How low can interest rates reach?


I never had any good to make the void.

Partly because of my lack of flexibility, partly because of the lack of balance and partly because I can only break into dance every time someone turns the bitter melody of Chubby Checker, Limbo Rock.

The Australian Central Bank, on the other hand, is big in the gap when it comes to interest rates.

Over the past eight years, the official cash rate has fallen 12 times, a total of 3.25 percentage points, to the current 1.5%.

And now that he has returned to warnings that rates will rise, causing several economists to anticipate cuts in interest rates later this year, the big question is clear.

How Much Can Bank Reserves Go?

I hear 1 percent? Do I hear 0.5 percent or zero percent? And what does the duty all mean anyway?

The kids are great in the gap, but the Reserve Bank of Australia is even better.

The kids are great in the gap, but the Reserve Bank of Australia is even better.

A lower interest rate means borrowers pay less for their mortgages, savers take less than their bank deposits, and the Australian dollar is likely to fall in value – bad for travelers going abroad but good for exporters.

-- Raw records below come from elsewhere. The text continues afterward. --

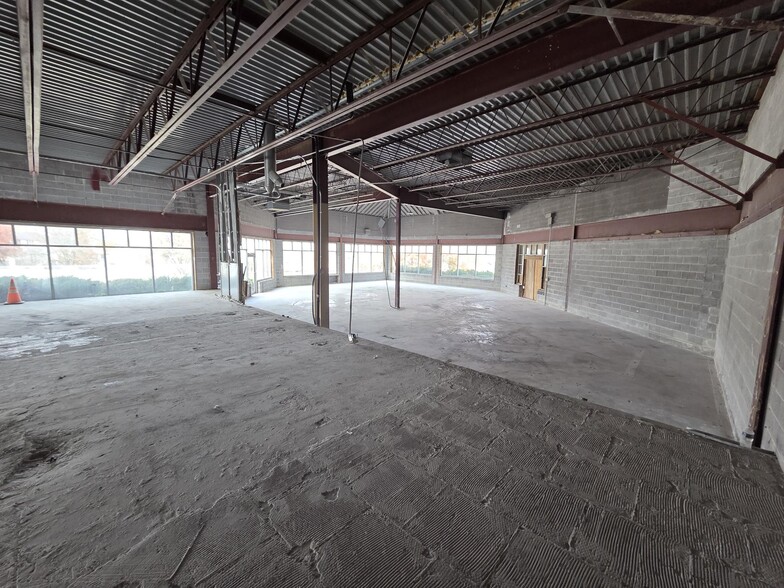 More Photos Of 7405-7471 Quivira Rd, Shawnee General Retail For Lease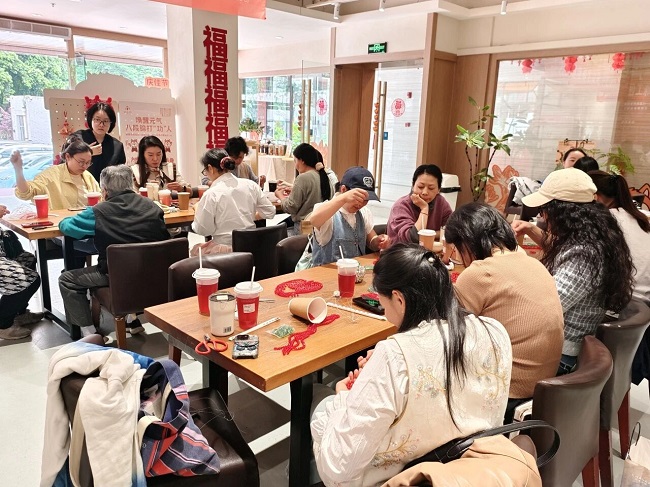 “小串珠”串起居民“大就業”!瑞方人力助力火車南站街道錦官新城社區開展技能培訓 第2張 “小串珠”串起居民“大就業”!瑞方人力助力火車南站街道錦官新城社區開展技能培訓 第2張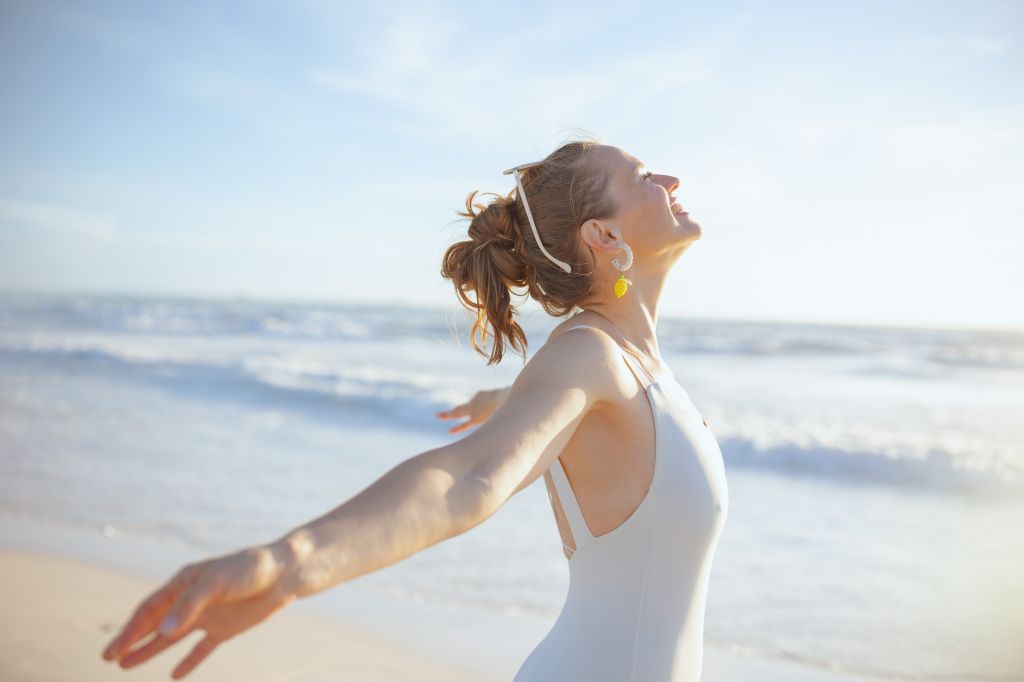 Woman in sun connection of Vitamin D and Gallbladder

The RBA rate acts as a parking brake or accelerator in the economy. Increasing the cash rate slows things down because it costs more to borrow money while the interest rate cut should be a hand-in-hand to boost consumer spending, inflation and economic activity.

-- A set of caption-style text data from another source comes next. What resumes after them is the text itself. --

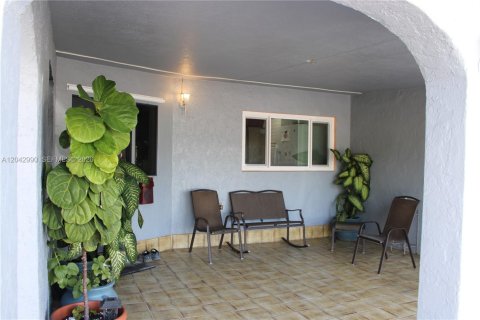 Casa en venta en Hialeah, Florida, 4 dormitorios, 246.19 m2 № 2186355 - foto 10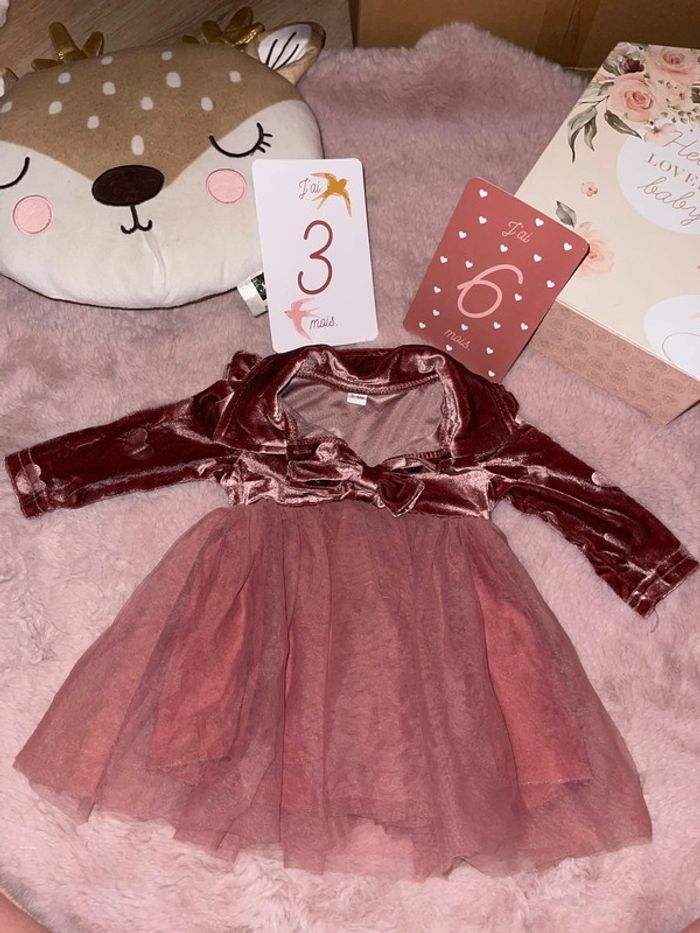 Magnifique robe 3-6m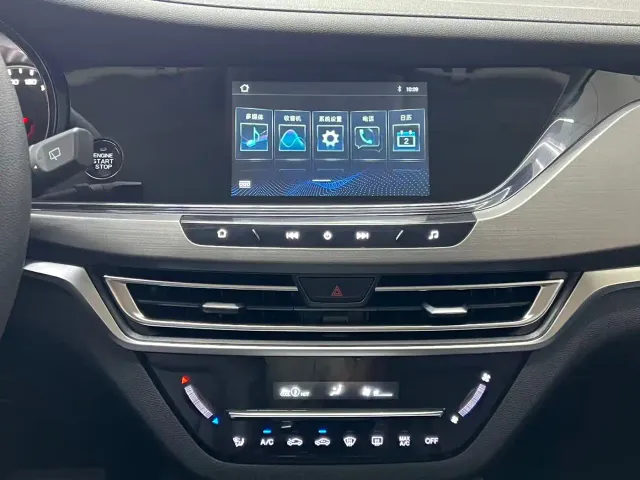 Changan CS35 Plus — Фото автомобиля 10
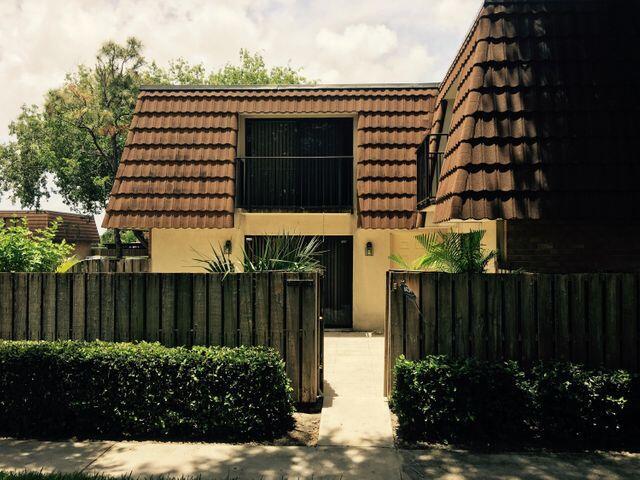 7107 71st Way in West Palm Beach, FL - Building Photo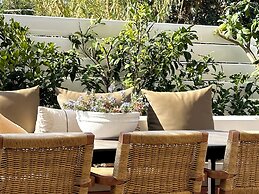 Lora Pearl Luxury Villa By Louis Hotels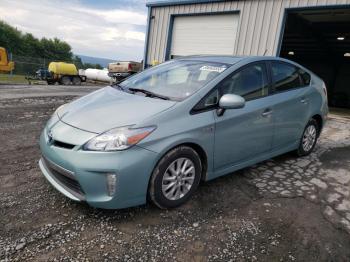 Salvage Toyota Prius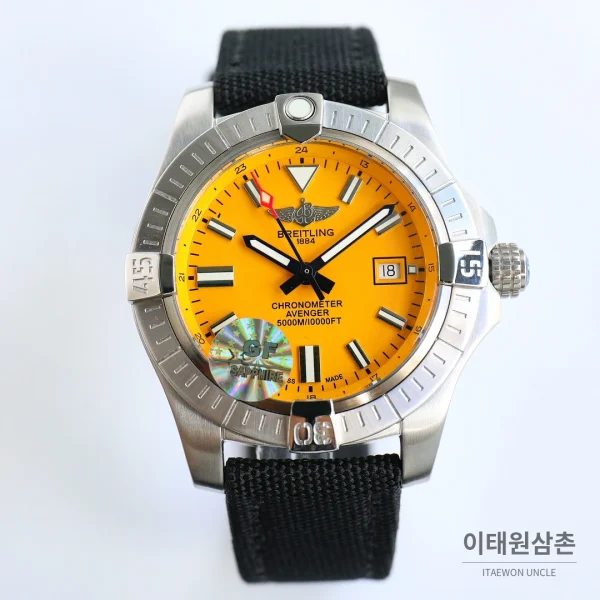 브라이틀링 어벤저 블랙버드 티타늄 오토매틱 44mm 옐로우 다이얼 블랙 나일론 스트랩 브라이틀링 어벤저 블랙버드 티타늄 오토매틱 44mm 옐로우 다이얼 블랙 나일론 스트랩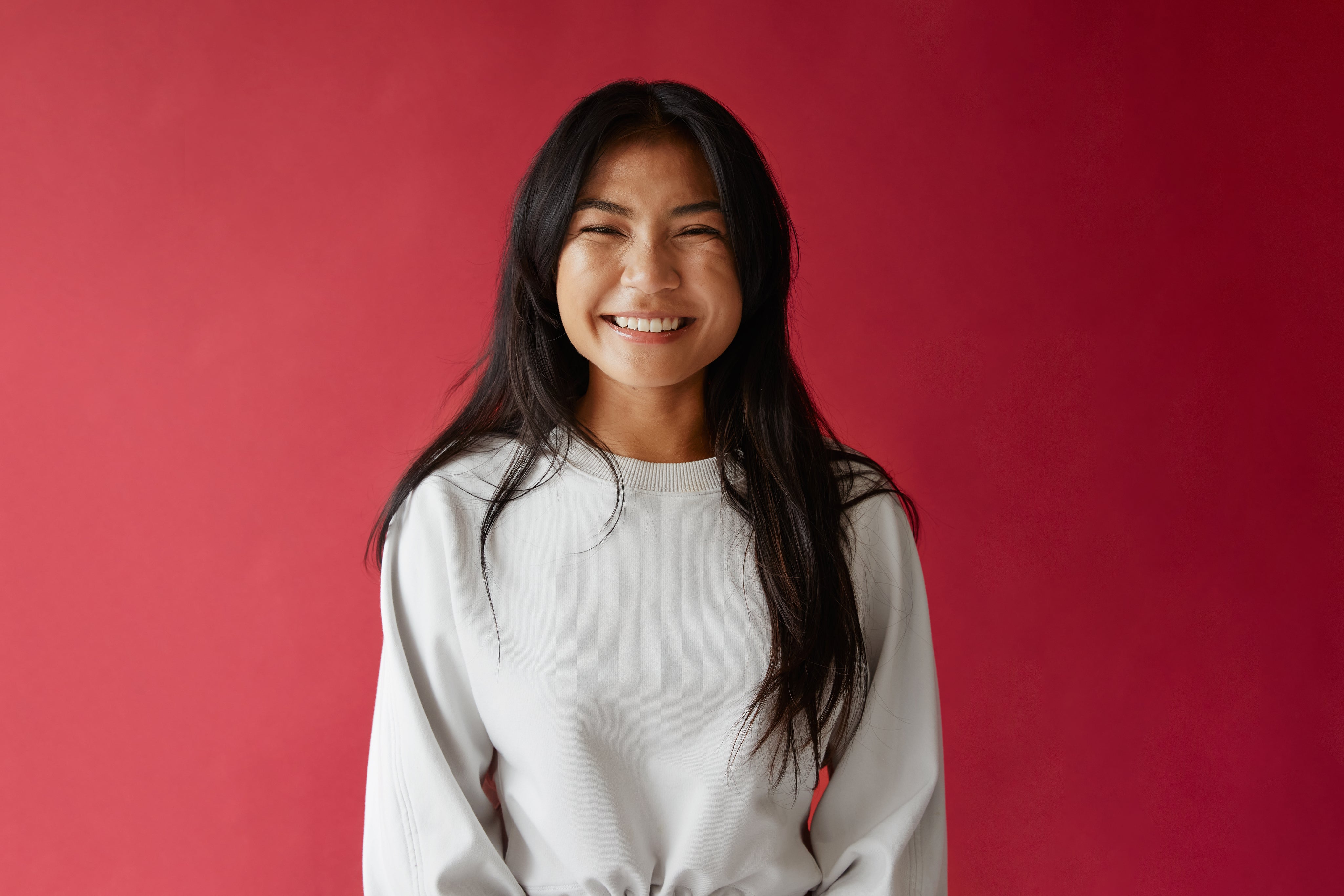 files/bright-smile-in-front-of-red-background.jpg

But the dozens of interest rate cuts since November 2011 have not caused our economy to go gangbusters, and there is no guarantee more cuts will do the same.

RBA interest rate movements move towards short-term interest rates and variable interest rates on the mortgage loan.

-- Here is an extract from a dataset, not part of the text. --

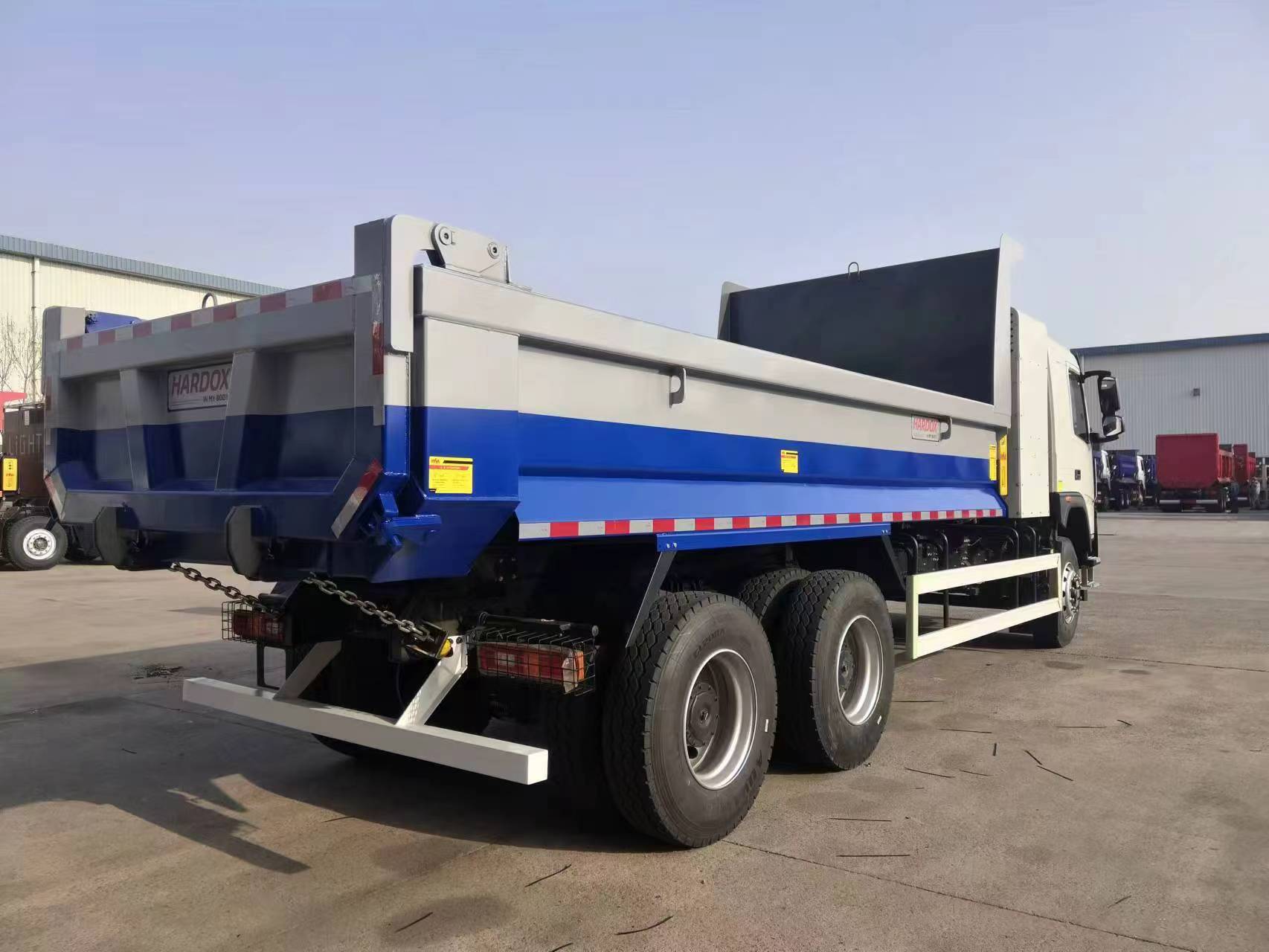 Pure electric dump truck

So if RBA makes two extra cuts by 0.25 percentage points to 1 percent over the next 12 months, borrowers are expected to pay about 0.5 percent less than their loans.

However, lenders are not shy about setting their rates even when the RBA is not, and many have done it in recent months.

If RBA really gets into the unstable spirit and our economy guarantees it, it can reduce the cash rate to zero. This would result in several mortgage rates around 3%.

Beyond zero, it could follow the lead of the US during the global financial crisis and start printing money in a practice known as quantitative easing.

This strategy worked well for the Americans because the dollar is considered the reserve currency of the world, but not so well in countries like Zimbabwe, which broke and suffered hyperinflation.

No one knows what will happen in Australia and no one predicts that the official interest rate will reach zero in the current economic climate.

However, RBA said at the end of last year that most reductions in rates and quantitative easing were tools that could be used if needed.

Whatever your interest in interest rates – whether as a borrower, savings, investor or first homeowner – you should keep in mind that RBA's striped stick seems to be getting more and more down.